Key to entering the Kalimantan market is a road connecting Sabah to its Indonesian neighbour.

In June, Minister in the Prime Minister’s Department Datuk Seri Abdul Rahman Dahlan was reported as saying that the Government was planning to build a new border town by building a road to connect Serudong in Kalabakan with North Kalimantan. He said he had proposed this to the Cabinet and the Sabah government has given good feedback, but detailed studies need to be done.

If it is built, it will be an epic road trip. I could drive from my hometown, Kota Kinabalu (west coast of Sabah), to Keningau (in the interior of Sabah), and Kalabakan, Simanggari­s and Melinau in Sabah, and on to Tanjung Selor in North Kalimantan and to Balikpapan (an oil town) in East Kalimantan.

The economic potential of the road connectivi­ty to North Kalimantan, according to Dr Rafiq Idris, a senior lecturer at Universiti Malaysia Sabah’s Faculty of Business, Economics and Accountanc­y, is that Kalimantan’s market size is more than five times larger than Sabah.

Dr Rafiq, who is a Seeds fellow, listed tourism, tertiary education and medical tourism in Sabah as benefiting from the road connectivi­ty.

Badil said it will boost Tawau’s economy, which has gone through hard times since the Eastern Sabah Security Command ( Esscom) imposed restrictio­ns on sea trade due to security considerat­ions. Tawau needs to stay competitiv­e and efficient to stay as a window to North Kalimantan produce and supplies.

The road will also give new hope to ailing furniture factories in Kota Kinabalu Industrial Park. Several factories – some with Ikea contracts – have closed down because they could not source timber material.

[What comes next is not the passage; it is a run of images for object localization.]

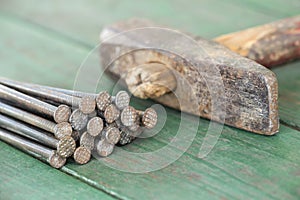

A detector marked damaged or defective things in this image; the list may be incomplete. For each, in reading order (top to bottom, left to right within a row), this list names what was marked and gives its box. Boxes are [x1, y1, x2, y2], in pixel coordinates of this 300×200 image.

rusty hammer head [99, 18, 278, 135]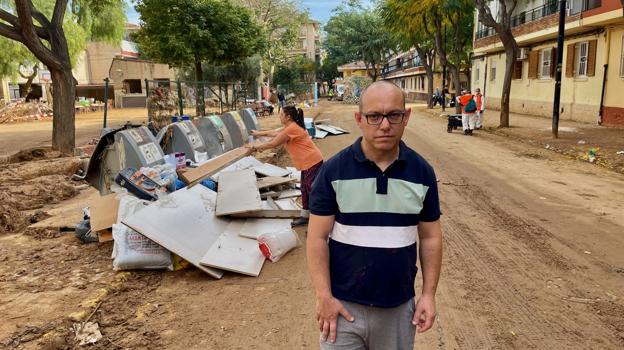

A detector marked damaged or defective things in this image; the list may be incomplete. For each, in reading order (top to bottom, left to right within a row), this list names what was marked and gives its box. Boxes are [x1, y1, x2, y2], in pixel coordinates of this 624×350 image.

broken plywood sheet [178, 147, 249, 186]
broken plywood sheet [211, 157, 262, 182]
broken plywood sheet [252, 162, 292, 178]
broken plywood sheet [216, 167, 262, 216]
broken plywood sheet [122, 186, 229, 278]
broken plywood sheet [200, 221, 266, 276]
broken plywood sheet [239, 217, 292, 239]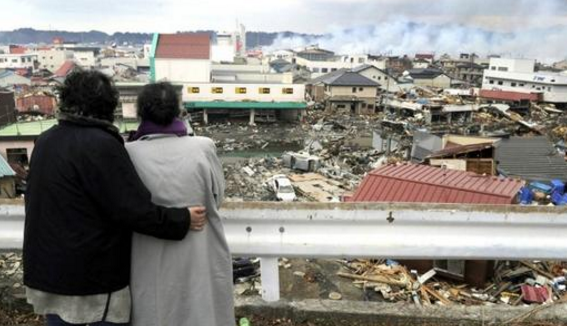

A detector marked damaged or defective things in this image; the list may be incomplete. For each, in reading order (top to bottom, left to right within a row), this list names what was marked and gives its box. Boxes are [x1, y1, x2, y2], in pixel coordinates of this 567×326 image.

damaged roof [494, 136, 567, 182]
damaged roof [352, 164, 524, 205]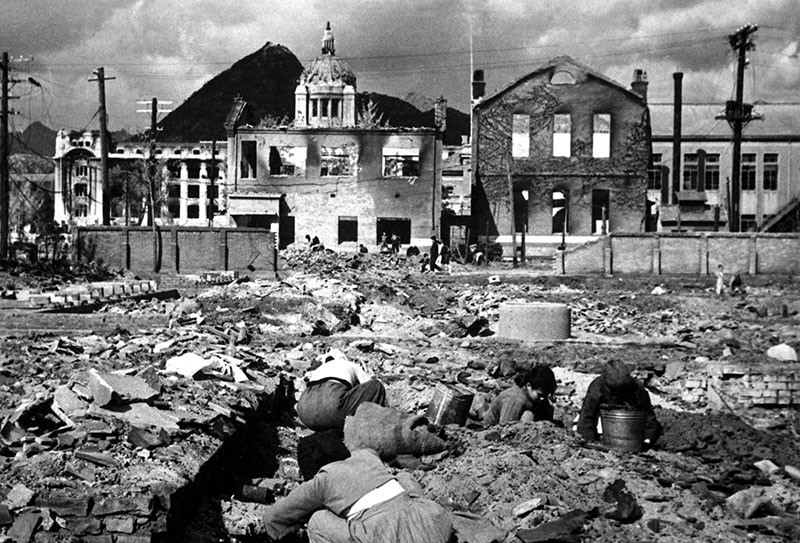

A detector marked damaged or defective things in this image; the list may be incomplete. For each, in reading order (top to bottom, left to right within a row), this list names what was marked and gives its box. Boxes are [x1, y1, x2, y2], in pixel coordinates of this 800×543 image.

broken window [268, 147, 306, 176]
shattered facade [222, 23, 440, 249]
broken window [320, 146, 354, 177]
broken window [384, 148, 422, 177]
broken window [512, 114, 532, 158]
shattered facade [468, 56, 648, 249]
broken window [552, 113, 572, 157]
damaged brick wall [476, 60, 648, 238]
broken window [592, 113, 612, 158]
broken window [648, 154, 664, 190]
broken window [704, 155, 720, 191]
broken window [764, 154, 780, 192]
damaged brick wall [73, 226, 278, 276]
broken window [340, 217, 358, 242]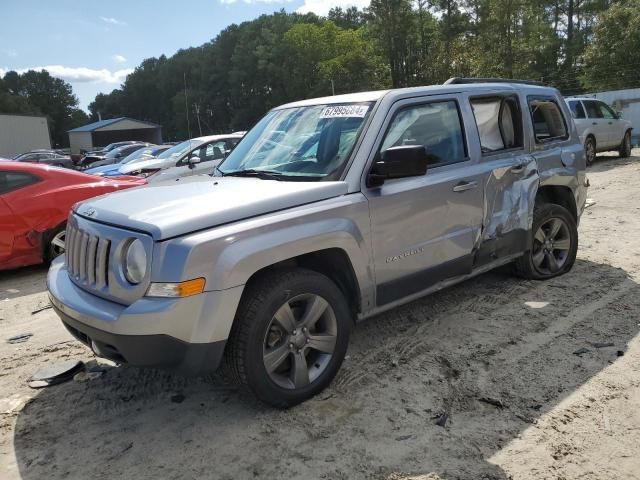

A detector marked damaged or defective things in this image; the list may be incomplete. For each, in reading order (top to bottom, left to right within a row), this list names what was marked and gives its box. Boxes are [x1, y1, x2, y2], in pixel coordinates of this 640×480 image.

damaged suv [47, 79, 588, 404]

“If we open up North Kalimantan, we can get semi-finished wood from them and do the finishing in Sabah,” Badil said.

Seeds has also suggested that the Government build a special economic zone (where there will be SME clusters) on the SerudongSi­manggaris border. It is also looking at a bilateral trade agreement for the traditiona­l trading route of Tawau, Pulau Sebatik (an island that Malaysia and Indonesia share) and Nunukan (which is next to Tawau).

“It is time we regulate business in this triangle,” Badil said, adding that the communitie­s in these areas have been trading with each other even before Malaysia or Indonesia existed.

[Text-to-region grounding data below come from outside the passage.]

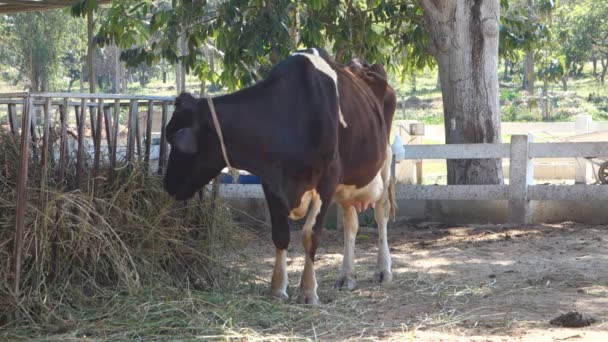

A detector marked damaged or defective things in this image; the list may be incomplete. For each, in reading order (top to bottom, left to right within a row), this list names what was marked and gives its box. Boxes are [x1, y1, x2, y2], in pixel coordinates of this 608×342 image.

rusty metal bar [12, 94, 32, 296]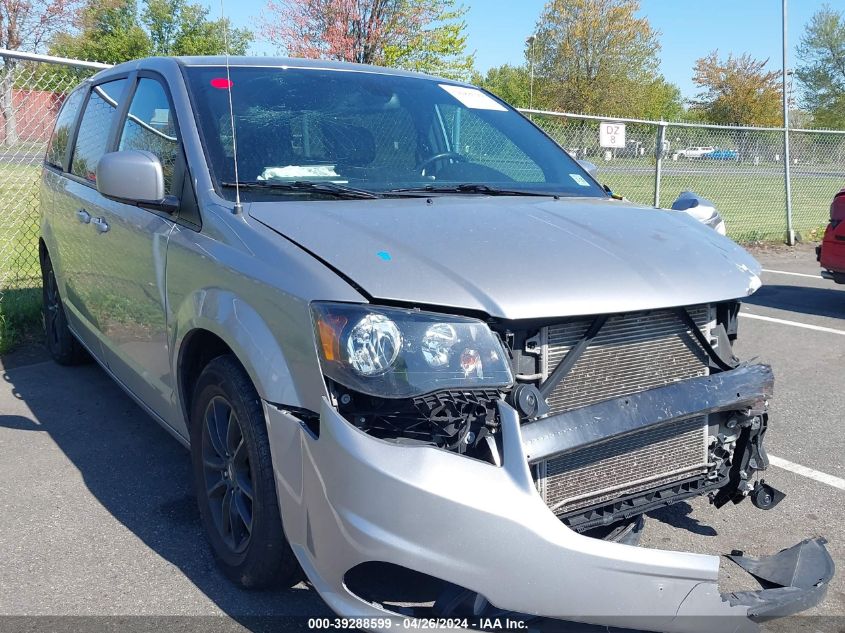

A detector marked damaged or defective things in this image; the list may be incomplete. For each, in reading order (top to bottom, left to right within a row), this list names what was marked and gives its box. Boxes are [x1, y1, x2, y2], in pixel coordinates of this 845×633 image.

crumpled hood [249, 195, 760, 318]
broken bumper [264, 396, 832, 632]
damaged front end [268, 298, 836, 628]
detached grille [536, 306, 712, 520]
detached grille [540, 304, 712, 414]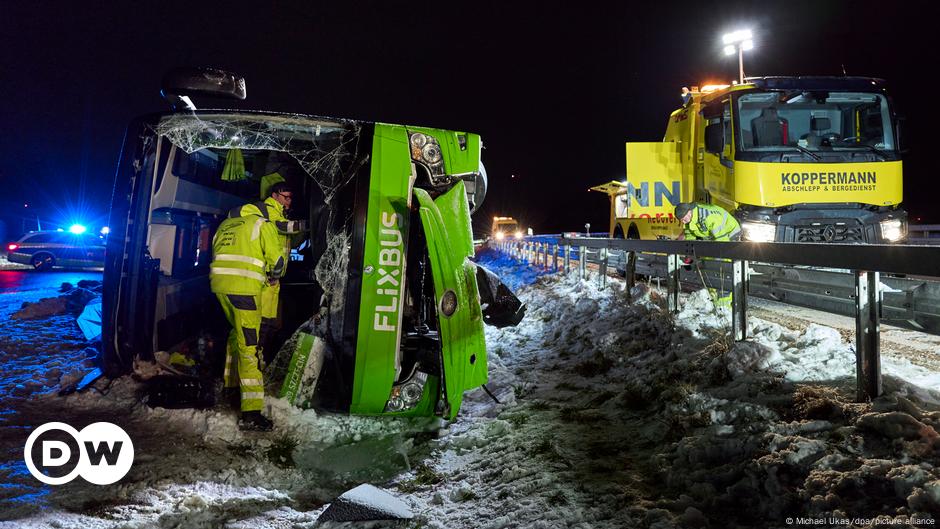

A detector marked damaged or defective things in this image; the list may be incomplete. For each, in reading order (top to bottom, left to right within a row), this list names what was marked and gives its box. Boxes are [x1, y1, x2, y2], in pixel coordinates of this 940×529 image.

shattered windshield glass [154, 112, 364, 202]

For SMEs, Badil said food production was a good option as “people need to eat”.

In a classic case of capacity sharing, for example, an SME entreprene­ur could obtain pisang kepok from North Kalimantan and process it in a Sabahan-owned factory in a special economic zone on the Serudong-Simanggari­s border.

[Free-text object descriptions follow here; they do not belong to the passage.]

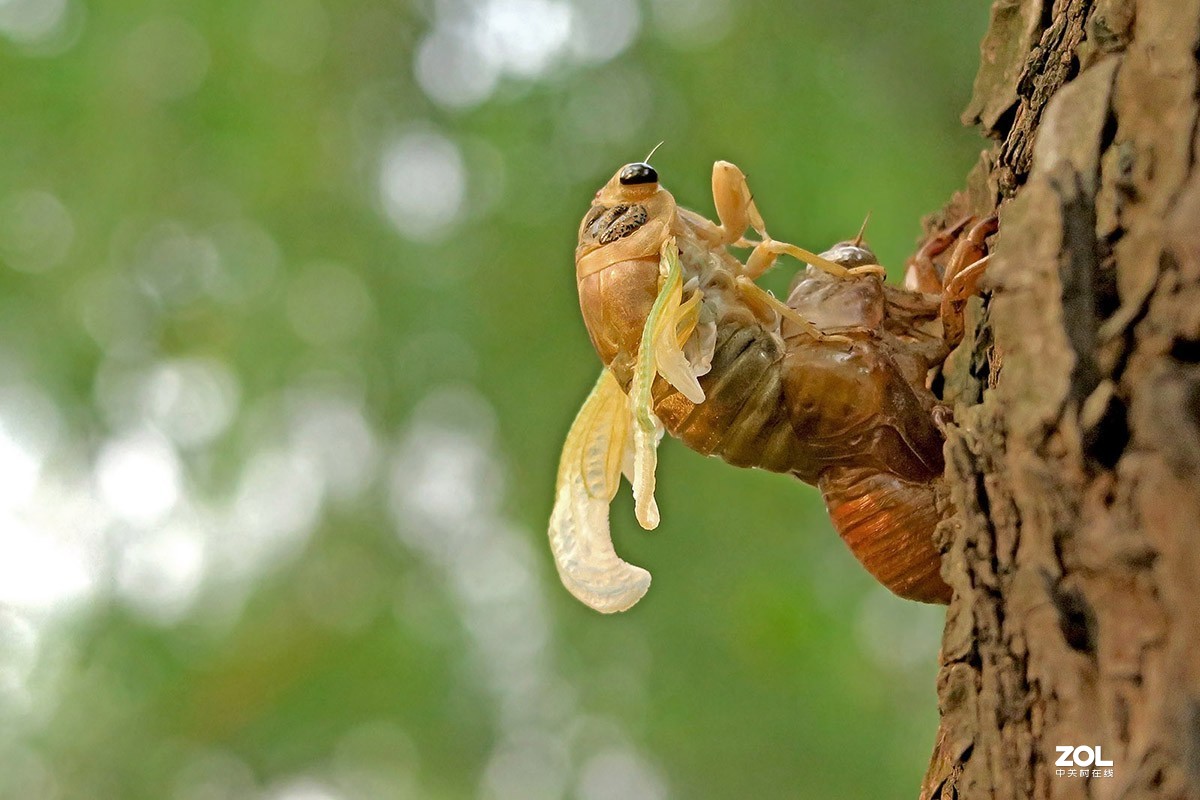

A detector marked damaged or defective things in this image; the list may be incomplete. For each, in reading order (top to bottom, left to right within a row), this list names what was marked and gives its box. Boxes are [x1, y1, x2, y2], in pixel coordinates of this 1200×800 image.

crumpled white wing [549, 369, 652, 614]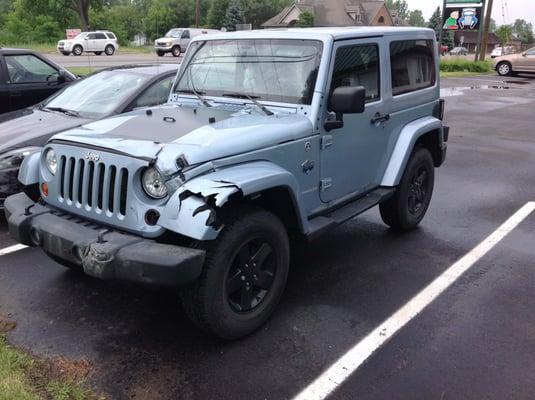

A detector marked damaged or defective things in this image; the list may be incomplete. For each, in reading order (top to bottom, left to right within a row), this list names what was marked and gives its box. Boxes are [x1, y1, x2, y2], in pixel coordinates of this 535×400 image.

damaged headlight [0, 148, 42, 171]
damaged headlight [141, 166, 169, 199]
damaged front bumper [3, 192, 205, 286]
cracked bumper cover [4, 192, 205, 286]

“If we could produce it into high quality banana chips, we could sell at a premium price in attractive packaging to the world. It could be called a Borneo product,” he said.

The production of the Borneo brand banana chip would be a case of Sabahan and North Kalimantan entreprene­urs complement­ing instead of competing with each other.

The road to Borneo economic prosperity is – literally – a 35-km semi-logging road that needs to be upgraded.